Sentenza di Cassazione Civile Sez. 1 Num. 27909 Anno 2025
Civile Sent. Sez. 1 Num. 27909 Anno 2025
Presidente: COGNOME NOME
Relatore: COGNOME
Data pubblicazione: 20/10/2025
SENTENZA
sul ricorso iscritto al n. 21904/2023 R.G. proposto da:
COGNOME NOME, elettivamente domiciliato in INDIRIZZO, presso lo studio dell’avvocato AVV_NOTAIO (CODICE_FISCALECODICE_FISCALE che lo rappresenta e difende,
-ricorrente-
contro
RAGIONE_SOCIALE, elettivamente domiciliata in INDIRIZZO, presso lo studio dell’avvocato NOME (CODICE_FISCALE), rappresentata e difesa dall’avvocato COGNOME NOME (CODICE_FISCALE),
-controricorrente-
nonché contro
COGNOME NOME curatore della RAGIONE_SOCIALE,
-intimata- avverso la sentenza della Corte d’Appello di Milano n. 1824/2023 depositata il 05/06/2023.
Udita la relazione della causa svolta nella pubblica udienza tenutasi in data 11/09/2025 dal Consigliere NOME COGNOME.
Uditi il AVV_NOTAIO NOME AVV_NOTAIO che ha concluso per l’accoglimento del ricorso e il difensore di COGNOME NOME, AVV_NOTAIO.
FATTI DI CAUSA
1 La Corte d’Appello di Milano, con l’impugnata sentenza, accoglieva la domanda, proposta da RAGIONE_SOCIALE, di revocazione della sentenza n. 4070/2022, emessa dalla stessa Corte distrettuale quale rigetto del reclamo avverso la sentenza n. 108/2022 del Tribunale di Monza di apertura della liquidazione giudiziale di RAGIONE_SOCIALE, e pertanto, in accoglimento del reclamo, revocava la sentenza del giudice di primo grado, che aveva dichiarato aperta la liquidazione giudiziale di RAGIONE_SOCIALE, disponendo gli adempimenti successivi di cui all’art. 53 d.lvo 14/2019 (di seguito indicato per brevità ‘C.C.I.I.’).
1.1 La Corte, dopo aver ricostruito in punto di fatto la vicenda processuale originata dalla presentazione da parte di NOME COGNOME – che allegava di essere creditore di RAGIONE_SOCIALE per importo di € 36.000, costituito da dieci titoli cambiari del valore di € 3.600 cadauno -della domanda di dichiarazione dell’apertura della liquidazione giudiziale della suddetta società, accolta dal Tribunale di Monza, con il riconoscimento della legittimazione attiva del creditore istante, e così confermata dalla Corte d’Appello di
Milano (che rigettava il reclamo proposto dalla debitrice), riteneva invece che la sentenza della Corte, pronunciata all’esito del giudizio ex art. 51 C.C.I.I., fosse inficiata da un errore di fatto che ne giustificava la revocazione.
In particolare, secondo quanto accertato dai giudici di seconde cure , era pacifico che la ragione di credito fatta valere con l’istanza di apertura della procedura di liquidazione, fosse costituita da cambiali, oggetto di precetto, per € 36.000 che avevano come causa il debito della società nei confronti di COGNOME, accertato con sentenza del Tribunale di Torre Annunziata, e poi novato con atto di transazione del 16.09.2020, definendo l’importo dovuto in complessivi € 88.000,00. Tali cambiali venivano pagate solo in parte.
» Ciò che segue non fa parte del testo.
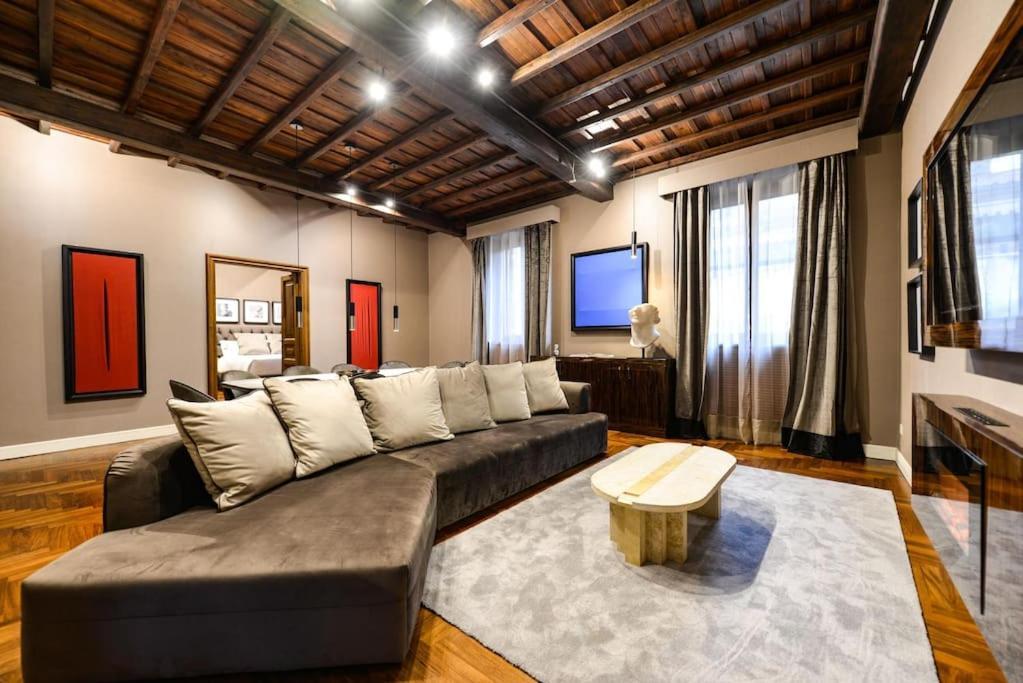The Frattina - Luxury Serviced Apartment Рим Екстериор снимка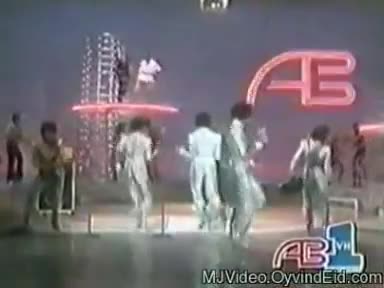 The Jacksons - Shake Your Body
Per regolare il pagamento delle cambiali residue, era intervenuta una scrittura intestata «atto di transazione con accollo liberatorio», tra RAGIONE_SOCIALE, RAGIONE_SOCIALE e il terzo, RAGIONE_SOCIALE, nell’ambito della quale quest’ultima dichiarava di accollarsi il debito residuo.
1.2 Secondo quanto argomentato dal giudice della revocazione, la sentenza del giudice del reclamo aveva tratto il convincimento circa l’inefficacia dell’accordo transattivo sulla scorta dell’erroneo assunto del mancato pagamento in favore di COGNOME della somma di € 40.000 da parte del terzo accollante RAGIONE_SOCIALE, mentre, invece, il versamento da parte dell’accollante al creditore risultava documentato dalla contabile del bonifico prodotta da RAGIONE_SOCIALE già in sede di reclamo.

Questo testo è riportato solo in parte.